Catalogue Number: CDCF220

Tracks:

Composition Artist Credit
Missa Sancti Aloysii (Johann) Michael Haydn, Composer
(Johann) Michael Haydn, Composer
Anthony Halstead, Horn
Christian Rutherford, Horn
Daniel Yeadon, Cello
Micaela Comberti, Violin
Philip Rushforth, Organ
Richard Marlow, Conductor
Silas Standage, Organ
Simon Standage, Violin
Trinity College Choir, Cambridge
Missa sub titulo Sancti Leopoldi (Johann) Michael Haydn, Composer
(Johann) Michael Haydn, Composer
Anthony Halstead, Horn
Christian Rutherford, Horn
Daniel Yeadon, Cello
Micaela Comberti, Violin
Philip Rushforth, Organ
Richard Marlow, Conductor
Silas Standage, Organ
Simon Standage, Violin
Trinity College Choir, Cambridge
Vesperae pro festo Sanctissimae innocentium (Johann) Michael Haydn, Composer
(Johann) Michael Haydn, Composer
Anthony Halstead, Horn
Christian Rutherford, Horn
Daniel Yeadon, Cello
Micaela Comberti, Violin
Philip Rushforth, Organ
Richard Marlow, Conductor
Silas Standage, Organ
Simon Standage, Violin
Trinity College Choir, Cambridge
The church music of the Salzburg composer Michael Haydn was greatly admired by his contemporaries, but not much of it is known or recorded today. This CD offers three works connected with the Feast of the Innocents, and accordingly written for boys' choir alone—it is done here by girls, but with a pleasing firmness of tone that suits the music well. The 13 voices of the choir are accompanied here by no more than two violins and a cello, with organ and, where called for, a pair of horns. This may be perfectly authentic though we cannot be sure that so very small a group would really have been appropriate in the vast spaces of Salzburg Cathedral, for which these works were intended; but the effect is good and careful balancing ensures that the strings can always be clearly heard.

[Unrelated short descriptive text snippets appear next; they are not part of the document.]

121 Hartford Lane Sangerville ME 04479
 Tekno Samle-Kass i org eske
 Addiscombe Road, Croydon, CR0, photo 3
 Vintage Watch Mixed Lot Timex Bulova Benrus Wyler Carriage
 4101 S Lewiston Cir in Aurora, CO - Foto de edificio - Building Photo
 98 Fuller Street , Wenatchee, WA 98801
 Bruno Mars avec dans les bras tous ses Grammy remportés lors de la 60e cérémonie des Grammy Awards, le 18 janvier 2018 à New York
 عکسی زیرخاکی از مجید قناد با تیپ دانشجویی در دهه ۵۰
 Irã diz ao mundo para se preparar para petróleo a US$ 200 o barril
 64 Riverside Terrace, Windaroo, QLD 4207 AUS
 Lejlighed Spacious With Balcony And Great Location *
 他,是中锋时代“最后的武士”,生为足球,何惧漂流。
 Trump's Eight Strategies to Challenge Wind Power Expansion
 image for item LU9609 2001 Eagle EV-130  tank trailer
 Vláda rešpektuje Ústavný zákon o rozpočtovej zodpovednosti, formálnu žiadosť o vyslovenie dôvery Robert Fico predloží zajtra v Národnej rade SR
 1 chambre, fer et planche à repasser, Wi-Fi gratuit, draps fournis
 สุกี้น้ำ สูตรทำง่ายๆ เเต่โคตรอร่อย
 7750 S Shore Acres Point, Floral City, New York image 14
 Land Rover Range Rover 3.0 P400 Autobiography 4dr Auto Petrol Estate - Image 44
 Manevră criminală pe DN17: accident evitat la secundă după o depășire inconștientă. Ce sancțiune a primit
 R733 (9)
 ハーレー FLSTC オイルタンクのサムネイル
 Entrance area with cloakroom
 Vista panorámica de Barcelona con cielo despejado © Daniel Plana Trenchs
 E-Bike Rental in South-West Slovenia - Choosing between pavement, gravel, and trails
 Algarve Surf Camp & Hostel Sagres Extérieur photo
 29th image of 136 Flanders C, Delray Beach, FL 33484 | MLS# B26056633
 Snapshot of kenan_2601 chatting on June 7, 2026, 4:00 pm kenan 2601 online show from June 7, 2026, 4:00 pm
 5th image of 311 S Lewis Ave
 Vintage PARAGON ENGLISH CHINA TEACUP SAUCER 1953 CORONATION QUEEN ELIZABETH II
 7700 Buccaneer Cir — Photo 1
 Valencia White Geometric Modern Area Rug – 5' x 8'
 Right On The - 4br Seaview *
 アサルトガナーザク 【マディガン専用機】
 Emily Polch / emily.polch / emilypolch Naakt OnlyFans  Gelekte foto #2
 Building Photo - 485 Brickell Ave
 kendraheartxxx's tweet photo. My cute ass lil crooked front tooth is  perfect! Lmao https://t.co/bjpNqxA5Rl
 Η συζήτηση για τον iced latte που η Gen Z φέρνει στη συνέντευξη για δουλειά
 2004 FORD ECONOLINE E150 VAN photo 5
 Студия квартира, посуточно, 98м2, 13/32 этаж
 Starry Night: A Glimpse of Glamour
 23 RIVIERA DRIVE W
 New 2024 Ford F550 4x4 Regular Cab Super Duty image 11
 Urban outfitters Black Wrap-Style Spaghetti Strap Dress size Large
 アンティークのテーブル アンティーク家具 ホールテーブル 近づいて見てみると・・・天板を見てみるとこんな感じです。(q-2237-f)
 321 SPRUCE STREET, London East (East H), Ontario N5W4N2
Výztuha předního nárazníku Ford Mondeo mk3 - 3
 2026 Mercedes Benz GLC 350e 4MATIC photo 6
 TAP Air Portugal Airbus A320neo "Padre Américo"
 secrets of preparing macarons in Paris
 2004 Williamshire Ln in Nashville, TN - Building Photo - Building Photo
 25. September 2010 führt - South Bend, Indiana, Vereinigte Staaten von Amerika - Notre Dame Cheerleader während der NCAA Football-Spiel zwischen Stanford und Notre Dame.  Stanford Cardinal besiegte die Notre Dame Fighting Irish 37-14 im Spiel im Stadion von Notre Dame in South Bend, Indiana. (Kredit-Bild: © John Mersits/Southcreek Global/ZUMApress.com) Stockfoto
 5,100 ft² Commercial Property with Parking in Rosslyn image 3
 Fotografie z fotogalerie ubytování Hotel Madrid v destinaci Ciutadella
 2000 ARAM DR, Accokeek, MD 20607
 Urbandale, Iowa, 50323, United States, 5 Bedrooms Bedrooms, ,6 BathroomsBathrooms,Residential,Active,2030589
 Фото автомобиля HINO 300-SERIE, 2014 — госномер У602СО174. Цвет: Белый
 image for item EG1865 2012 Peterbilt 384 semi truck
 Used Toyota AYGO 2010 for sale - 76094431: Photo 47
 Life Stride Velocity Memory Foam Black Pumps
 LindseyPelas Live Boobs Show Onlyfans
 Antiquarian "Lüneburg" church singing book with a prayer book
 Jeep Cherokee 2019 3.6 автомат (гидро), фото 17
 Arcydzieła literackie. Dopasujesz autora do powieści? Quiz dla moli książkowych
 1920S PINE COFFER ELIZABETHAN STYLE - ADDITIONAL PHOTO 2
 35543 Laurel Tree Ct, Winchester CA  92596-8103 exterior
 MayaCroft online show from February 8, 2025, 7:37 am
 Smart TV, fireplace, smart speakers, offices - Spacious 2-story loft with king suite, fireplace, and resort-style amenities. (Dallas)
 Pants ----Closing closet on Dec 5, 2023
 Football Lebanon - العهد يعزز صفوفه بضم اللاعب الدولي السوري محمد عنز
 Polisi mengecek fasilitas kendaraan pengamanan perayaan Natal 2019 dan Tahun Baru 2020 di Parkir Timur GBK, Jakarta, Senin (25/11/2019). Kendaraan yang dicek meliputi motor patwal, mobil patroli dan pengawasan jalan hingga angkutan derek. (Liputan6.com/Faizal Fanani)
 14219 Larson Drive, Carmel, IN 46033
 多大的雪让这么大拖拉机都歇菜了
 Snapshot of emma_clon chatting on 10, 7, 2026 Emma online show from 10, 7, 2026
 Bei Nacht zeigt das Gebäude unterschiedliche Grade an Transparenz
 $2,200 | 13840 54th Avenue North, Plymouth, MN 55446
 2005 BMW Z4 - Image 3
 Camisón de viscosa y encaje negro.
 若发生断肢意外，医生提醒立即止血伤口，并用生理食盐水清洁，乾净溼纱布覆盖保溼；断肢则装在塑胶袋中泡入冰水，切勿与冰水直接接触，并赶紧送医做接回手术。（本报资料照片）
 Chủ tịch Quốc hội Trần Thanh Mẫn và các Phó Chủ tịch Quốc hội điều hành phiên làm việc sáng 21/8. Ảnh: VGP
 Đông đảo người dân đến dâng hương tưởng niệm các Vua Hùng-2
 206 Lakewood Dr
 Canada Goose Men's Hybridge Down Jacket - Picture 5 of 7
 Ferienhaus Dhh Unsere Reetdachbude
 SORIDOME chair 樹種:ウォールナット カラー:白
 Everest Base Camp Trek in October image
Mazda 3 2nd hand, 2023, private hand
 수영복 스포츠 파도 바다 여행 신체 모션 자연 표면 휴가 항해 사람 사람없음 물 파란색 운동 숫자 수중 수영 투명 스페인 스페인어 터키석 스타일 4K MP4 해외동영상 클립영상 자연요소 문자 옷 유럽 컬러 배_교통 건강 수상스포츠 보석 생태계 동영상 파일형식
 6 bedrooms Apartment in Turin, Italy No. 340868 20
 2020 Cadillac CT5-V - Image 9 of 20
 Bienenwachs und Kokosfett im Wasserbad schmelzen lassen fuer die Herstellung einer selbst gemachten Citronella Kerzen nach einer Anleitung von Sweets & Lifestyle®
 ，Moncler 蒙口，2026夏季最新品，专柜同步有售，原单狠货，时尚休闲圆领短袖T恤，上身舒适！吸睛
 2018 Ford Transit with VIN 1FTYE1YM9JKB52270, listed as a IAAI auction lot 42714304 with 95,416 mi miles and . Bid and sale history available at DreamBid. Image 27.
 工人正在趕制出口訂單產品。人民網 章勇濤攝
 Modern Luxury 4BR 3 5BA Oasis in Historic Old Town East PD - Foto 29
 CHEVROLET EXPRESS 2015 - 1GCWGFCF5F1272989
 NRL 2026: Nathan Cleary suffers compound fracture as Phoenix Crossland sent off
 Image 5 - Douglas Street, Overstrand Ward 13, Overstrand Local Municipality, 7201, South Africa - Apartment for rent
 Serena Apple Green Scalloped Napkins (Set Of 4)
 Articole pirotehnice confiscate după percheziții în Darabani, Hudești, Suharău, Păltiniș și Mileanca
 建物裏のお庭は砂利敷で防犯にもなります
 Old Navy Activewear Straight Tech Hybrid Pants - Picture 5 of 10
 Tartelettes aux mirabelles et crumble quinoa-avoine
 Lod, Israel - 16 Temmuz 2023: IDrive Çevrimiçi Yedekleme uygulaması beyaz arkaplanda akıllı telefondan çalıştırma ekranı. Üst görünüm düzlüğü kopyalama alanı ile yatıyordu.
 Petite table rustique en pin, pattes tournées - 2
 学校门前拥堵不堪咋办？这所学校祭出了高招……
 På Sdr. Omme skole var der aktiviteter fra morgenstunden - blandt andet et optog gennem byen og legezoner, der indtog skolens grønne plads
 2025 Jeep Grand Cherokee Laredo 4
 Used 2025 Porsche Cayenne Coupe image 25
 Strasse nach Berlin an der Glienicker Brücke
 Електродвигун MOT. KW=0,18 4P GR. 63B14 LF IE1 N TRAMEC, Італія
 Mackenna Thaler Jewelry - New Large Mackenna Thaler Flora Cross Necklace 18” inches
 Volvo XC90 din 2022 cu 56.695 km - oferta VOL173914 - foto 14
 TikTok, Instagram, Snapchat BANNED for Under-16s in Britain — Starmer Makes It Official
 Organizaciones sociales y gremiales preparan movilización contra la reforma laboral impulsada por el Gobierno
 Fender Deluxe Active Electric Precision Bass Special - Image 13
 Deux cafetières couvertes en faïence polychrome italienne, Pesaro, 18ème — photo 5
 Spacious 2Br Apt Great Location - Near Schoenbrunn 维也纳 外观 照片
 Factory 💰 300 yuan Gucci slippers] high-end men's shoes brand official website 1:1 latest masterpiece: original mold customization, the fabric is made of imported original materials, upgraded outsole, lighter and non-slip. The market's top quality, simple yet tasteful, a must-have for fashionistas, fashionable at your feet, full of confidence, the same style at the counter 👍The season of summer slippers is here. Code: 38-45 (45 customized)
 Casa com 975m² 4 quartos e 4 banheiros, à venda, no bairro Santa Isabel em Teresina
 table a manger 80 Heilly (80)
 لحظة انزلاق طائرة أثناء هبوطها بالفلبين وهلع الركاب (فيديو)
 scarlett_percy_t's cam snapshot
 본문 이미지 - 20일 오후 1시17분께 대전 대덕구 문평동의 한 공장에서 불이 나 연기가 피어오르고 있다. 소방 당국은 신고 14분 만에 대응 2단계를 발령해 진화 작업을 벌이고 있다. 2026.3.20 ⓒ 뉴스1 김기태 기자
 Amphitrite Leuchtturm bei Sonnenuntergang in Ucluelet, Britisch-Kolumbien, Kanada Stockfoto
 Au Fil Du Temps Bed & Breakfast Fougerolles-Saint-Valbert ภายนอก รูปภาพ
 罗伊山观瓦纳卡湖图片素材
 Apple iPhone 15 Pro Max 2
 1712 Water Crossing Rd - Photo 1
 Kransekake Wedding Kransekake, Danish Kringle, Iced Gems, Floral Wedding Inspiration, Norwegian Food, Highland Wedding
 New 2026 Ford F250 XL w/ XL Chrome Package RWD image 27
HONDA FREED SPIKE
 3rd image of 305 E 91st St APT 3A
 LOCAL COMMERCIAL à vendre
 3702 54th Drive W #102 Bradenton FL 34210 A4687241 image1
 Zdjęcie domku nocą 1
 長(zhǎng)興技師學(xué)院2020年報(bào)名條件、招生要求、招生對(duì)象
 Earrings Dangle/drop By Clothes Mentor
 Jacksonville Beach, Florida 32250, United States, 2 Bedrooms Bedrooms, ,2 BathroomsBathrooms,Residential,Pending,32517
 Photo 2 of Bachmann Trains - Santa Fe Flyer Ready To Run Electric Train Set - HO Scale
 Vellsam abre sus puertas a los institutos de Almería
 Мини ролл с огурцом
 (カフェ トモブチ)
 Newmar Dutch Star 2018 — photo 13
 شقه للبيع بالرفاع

And certainly they are kept pretty busy. Haydn's preferred texture—and this is the same in all three works, although the Masses date from as far apart as 1777 and 1805 and the Vespers from 1793—is a simple chordal one for the voices, which are often in thirds or sixths, with a predominantly repeated-note bass and quickish figuration for the violins. A great deal of the music is in triple time (perhaps a symbolic choice by Haydn, if not by Trinity College). Haydn's Masses are, in general, similar in style to the early ones of Mozart, with each section in a single movement, though in the early work he has a slower ''Et incarnatus'' (in G minor) and resumes with a cheery 3/4 at ''Et resurrexit''. The Vespers, a setting of five psalms with a simple homophonic hymn, is rather more varied in texture, with a few hints (notably in the ''Memento David'') of counterpoint, and with an expressive E minor ''De profundis''; each ends with the doxology (''Sicut erat in principio''), sung to the music as it was at the beginning of the psalm. Plainsong antiphons, from which Haydn drew in his settings, are happily included here.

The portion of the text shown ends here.